Gwen, obviously unable to solve this mystery alone, gets a clue from Ianto. Actually, it wasn’t so much a clue so much as the precise solution to her problem in an envelope in GPS form to an island. Even then, the dozy mare needed a policeman to commandeer a boat. I don’t know why she needed Andy – perhaps just in case she felt like she needed to yell at someone.
It’s at this point that the plot is exposed as mental enough to suggest it had fallen through the rift, looked at a dark star and then gotten dropped off on an island in the Bristol Channel.
Jack’s hidden facility threw up more questions than it could possibly solve. How are people returned by the rift from wherever they’ve been flung? What precisely was Jonah doing for forty years? How many have died from wherever they’ve gone?

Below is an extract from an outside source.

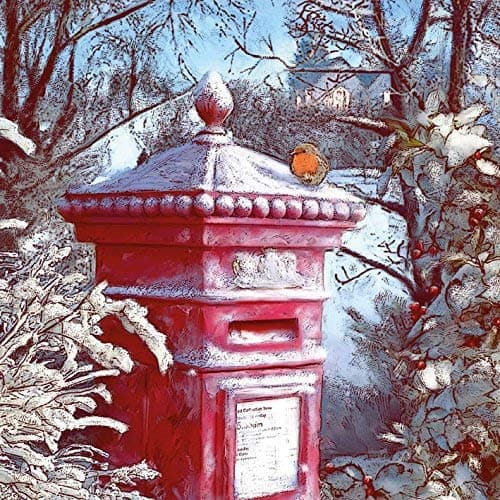 Macmillan Cancer Support Christmas Cards - Pack of 8 - Frosted Postbox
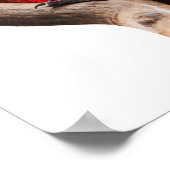 Schöner, farbenfroher Scarlet Macaw Parrot Bird Poster (Ecke)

More pertinent to this particular plot, why was Jack keeping this a secret to himself? There’s no particular reason to keep the rest of the institute out of the loop about the institution. They could even do visits. Owen could run a weekly line dancing class. Tosh could do magic tricks. Jack and Ianto could let inmates walk in on them having vigorous sex and then act all smug about it.
Still, back to directions for the mental plot to go: having kept the facility a secret for so long made an inevitably awkward conclusion. Captain Jack is supposedly trying to protect the island from relatives of those who have returned for their own good, while Gwen is desperately trying to drag Nikki, Jonah’s mother, to see him. Did Jack not think to mention, ‘by the way Gwen, he screams for 20 hours of the day, you are going to cause both of them irreparable emotional damage?’ I’m all for characters being enigmatic – hell, half the plotlines rely on the cast discovering something from Jack’s past – but this is just ridiculous.
Now we’ve got the facility it could certainly prove a nice secondary location to the increasingly dull basement. I suspect it’ll only be a matter of time before one of the people that everyone assumes is somewhat unhinged turns out to be babbling a prophecy. Torchwood has had one original plot this season. We wouldn’t want anyone to strain themselves.